The North and the South, reconciled, are looking with pride and reverence to that which shapes us.
No combative spirit is aroused by this rehearsal of our past, which has inspired and informed the whole world. The North is as proud of Robert E. Lee as we Southerners. His home at Arlington is a national shrine. And the preceding President (Eisenhower) kept his picture upon his office wall to worship.
It is true that descendants of Confederate forebears are forced to regret that the South did not win the war. It is true that they wonder if this was not the only war ever worth fighting. But they expect a Northerner to be glad his forebears won the struggle. They would regard him as a bounder if he didn't.
Yet Southerners are reconciled to the result of the war, and they are too busy marching to prosperity in their gracious land to brood over the crime of Reconstruction. The South had the highest standard of living before the war and has it in mind to regain that status.
The Reasons Why
There are three unassailable reasons for this commemoration in which North joins South:
It was an extraordinary war in terms of battle.

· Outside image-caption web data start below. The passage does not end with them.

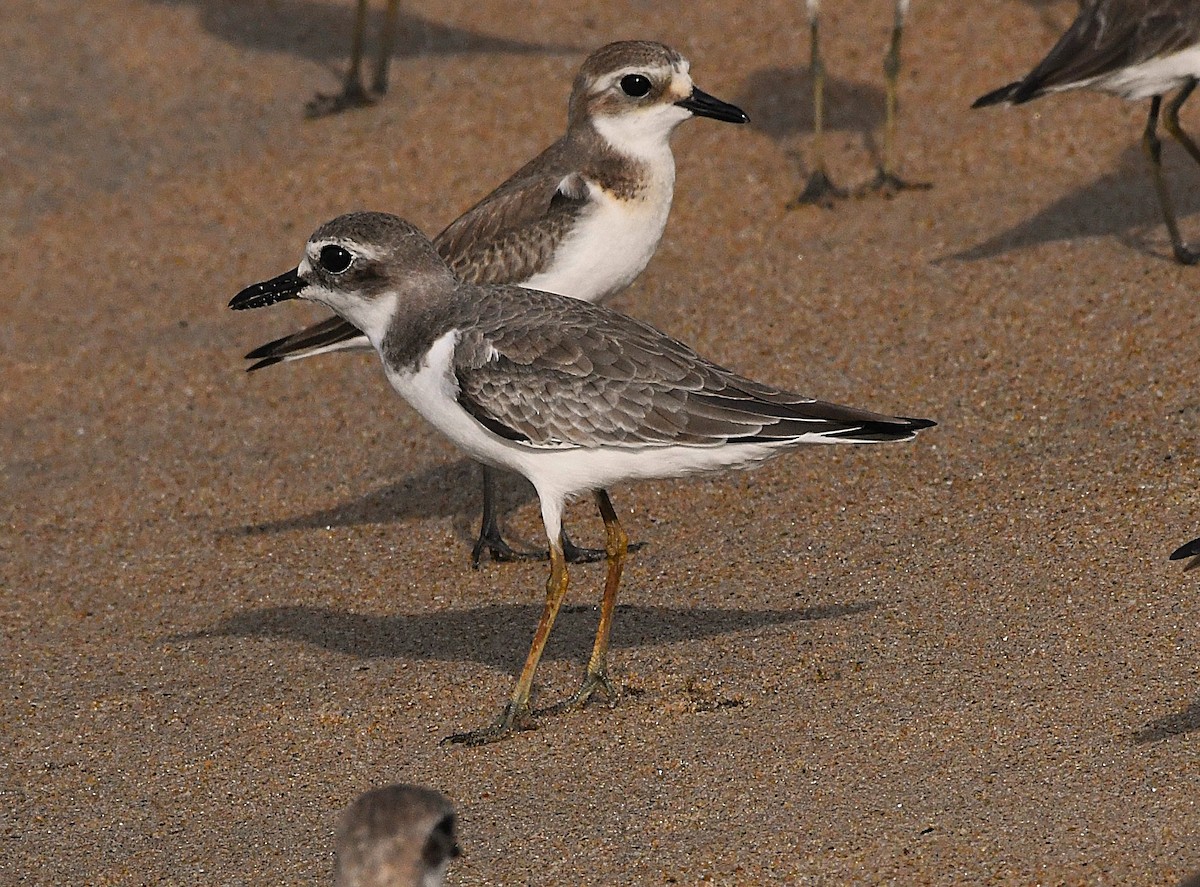 Greater Sand-Plover - mathew thekkethala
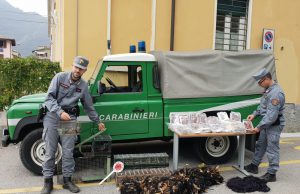 Vendevano uccelli a ristoranti e privati. Nei guai due bracconieri di Bione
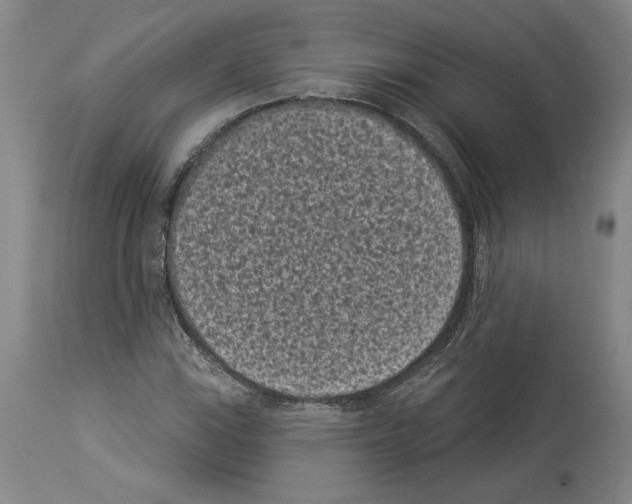 X0000113941115200911061235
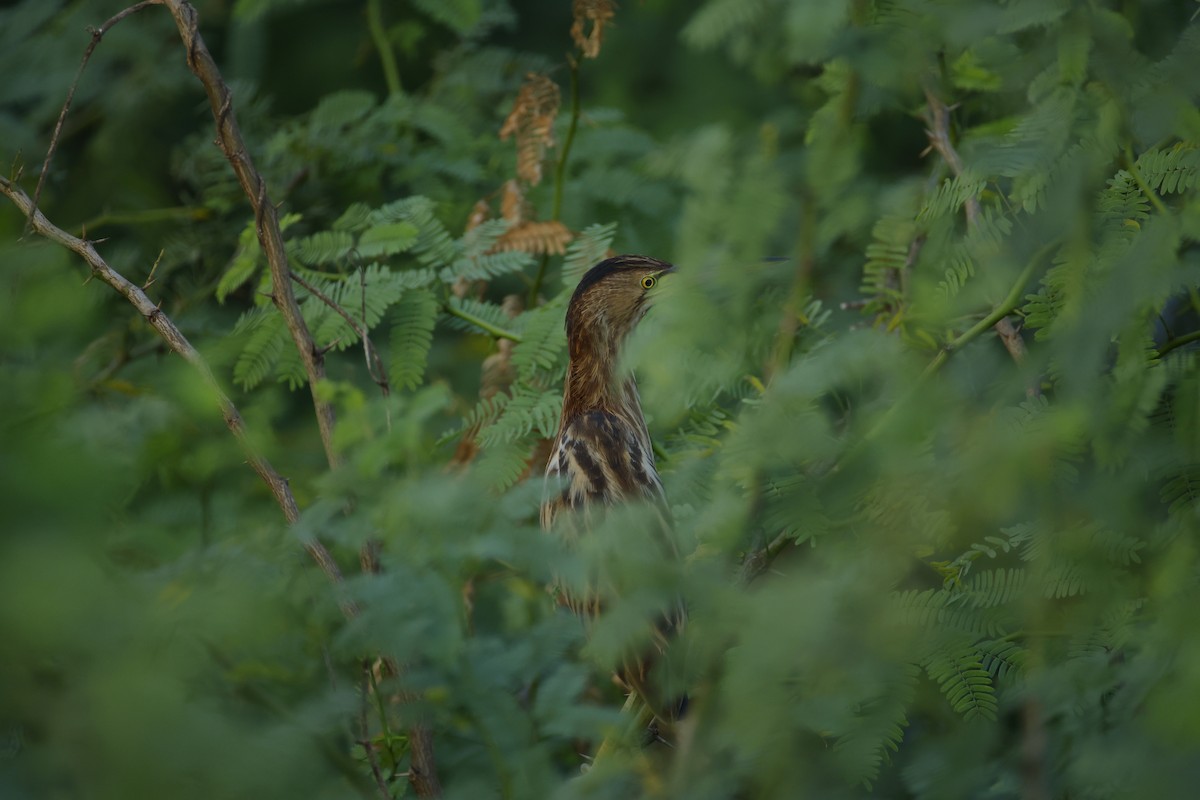 Sarı Küçük Balaban - ML646834457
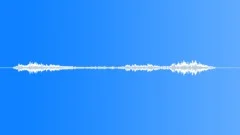 Birdy FX Live EnsembleSound Effect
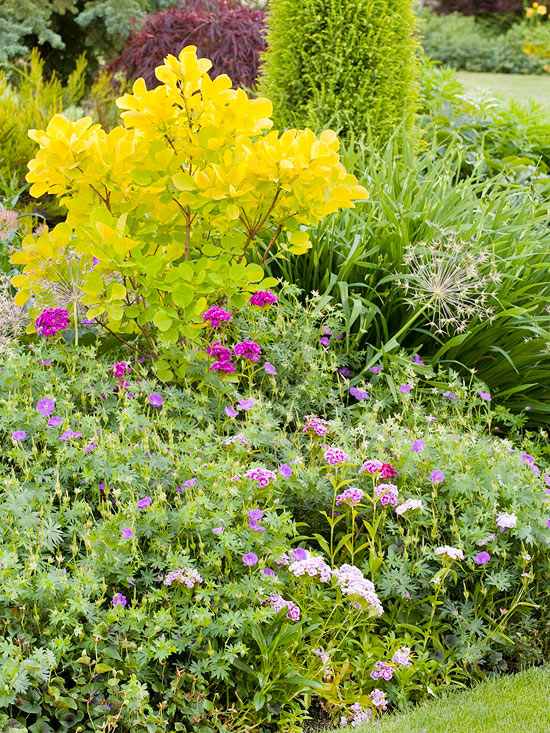 Kvety v záhradnom výsadbe záhradný dizajn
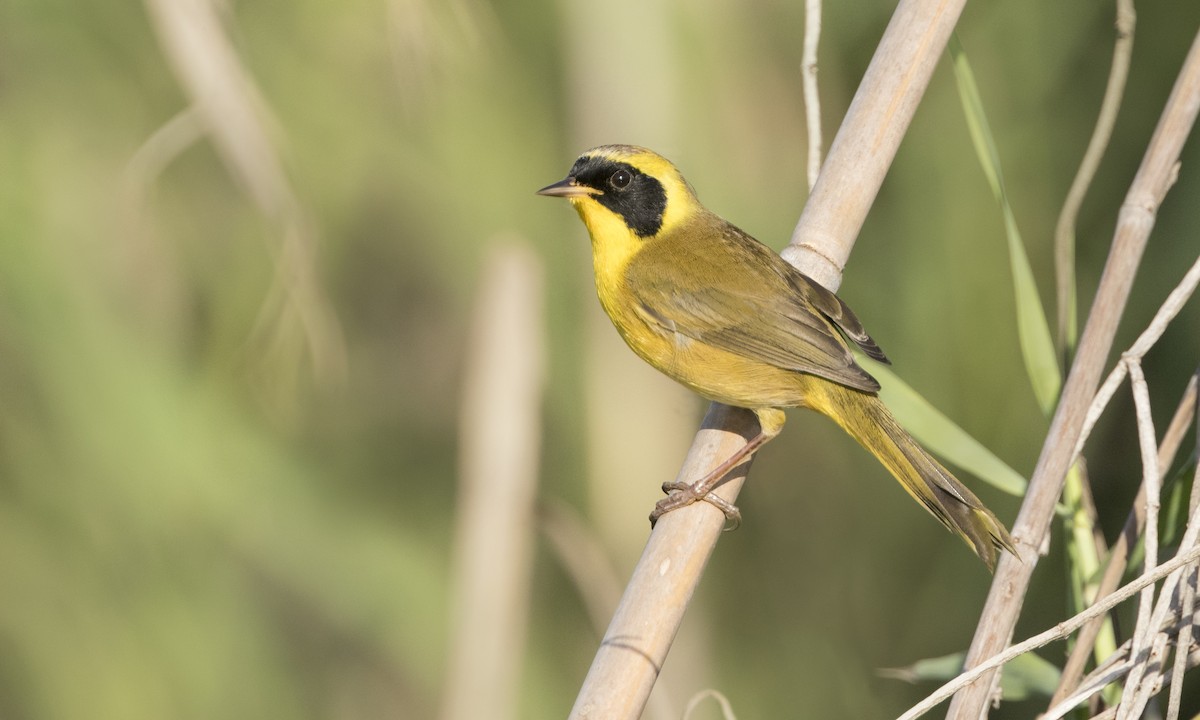 Belding's Yellowthroat - ML223054821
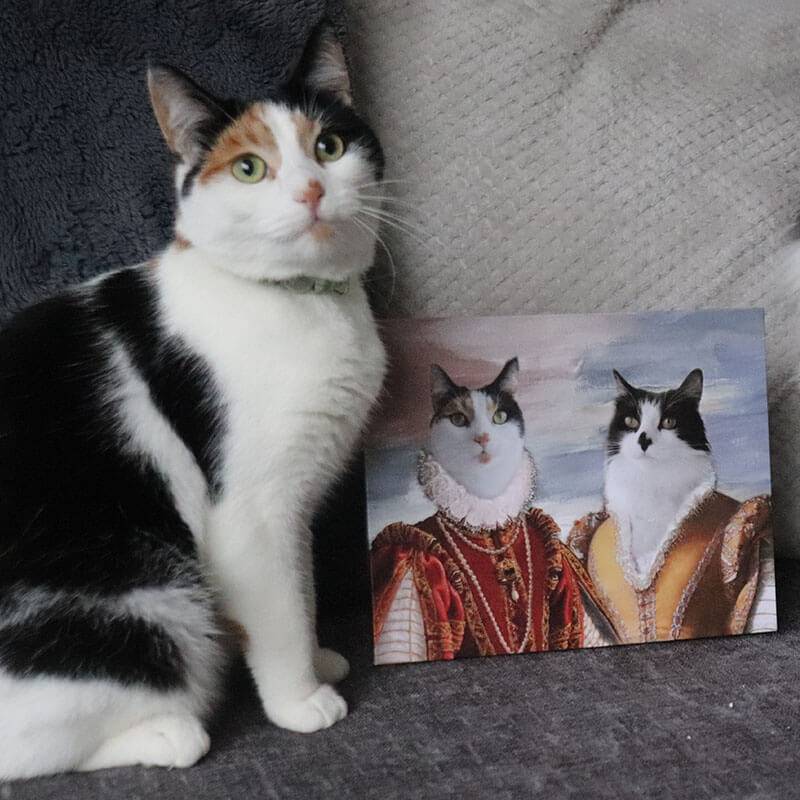 Elegant Lady Cat Portrait Pet Dog Portraits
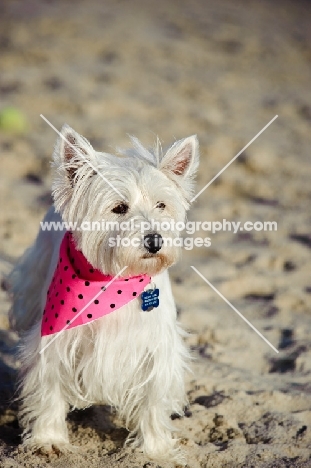 West Highland White Terrier wearing pink scarf on beach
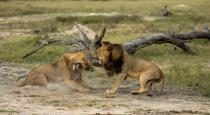 two-lions-fight-video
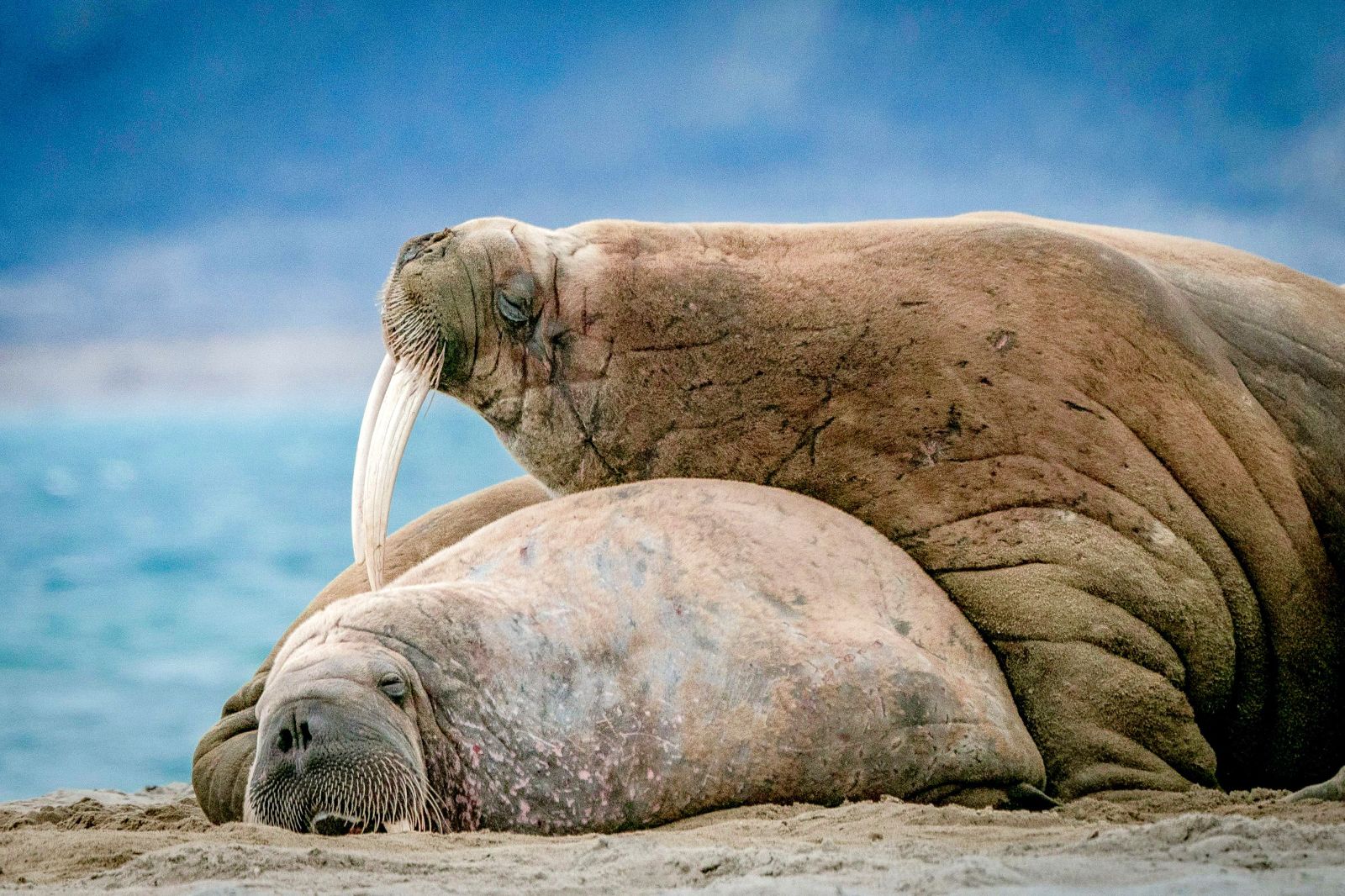 Two Atlantic walruses lying on a beach in the Arctic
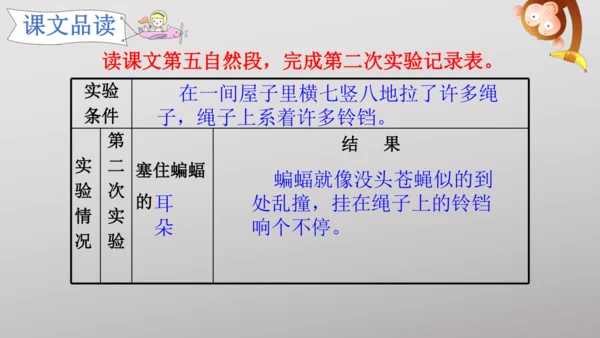 6 夜间飞行的秘密   课件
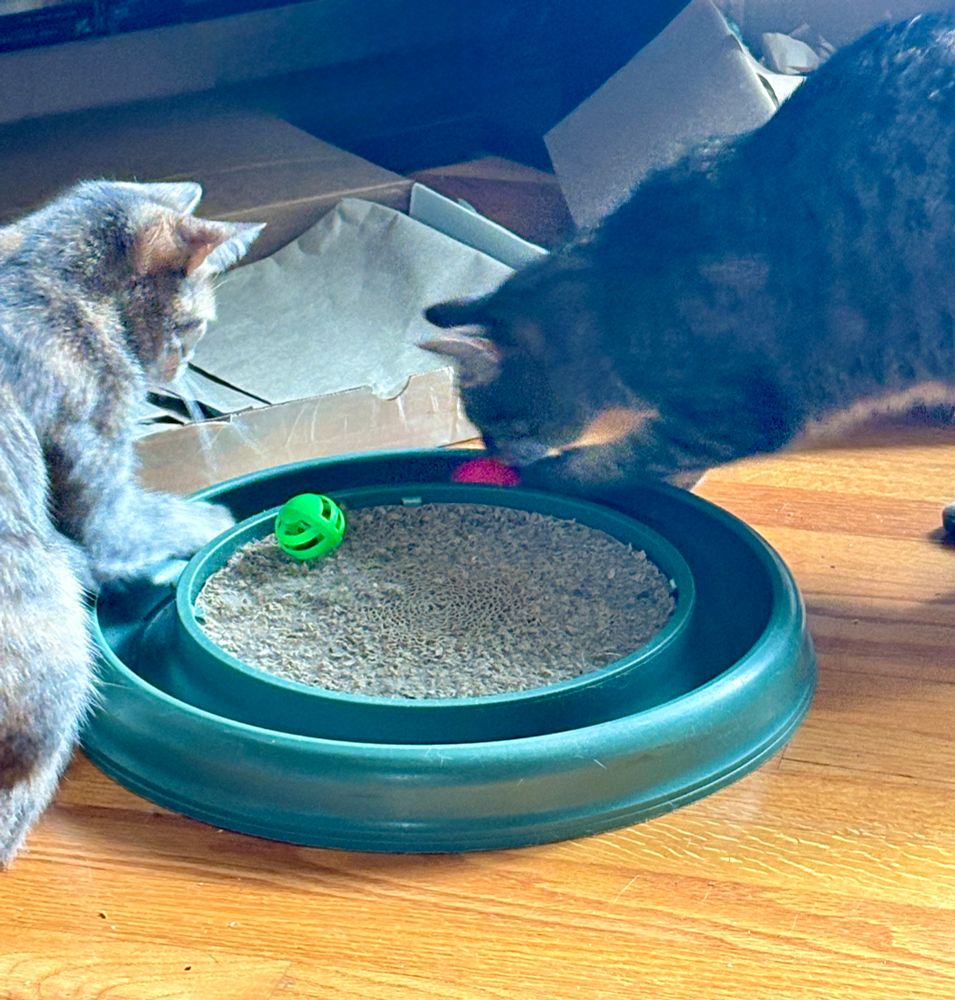 Grey torbie cat and brown tabby cat play together with their racetrack toy as they push the ball to one another.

The result was extraordinary.
We Americans in a great measure are creatures of the Revolutionary War and all our national wars. But we Southerners are more shaped by the Civil War than the others, and perhaps all the others together.
Battle Classics
As for the battle phase of the war, there were 23 Northern states with 22,000,000 people. The North's adversary was a confederacy of 11 states and but 9,000,000 people. Be certain that we do not say it to boast or gasconade, but it took the 22,000,000 four years to subjugate the 9,000,000--and there you have one measure of the singular nature of the war. All the world's military academies claim this war as their very own laboratory.
The war's result was extraordinary. It was so hard fought that it is painful to regard it even at this distance. The South was occupied afterwards in a fashion called villainous and cruel by Northern historians.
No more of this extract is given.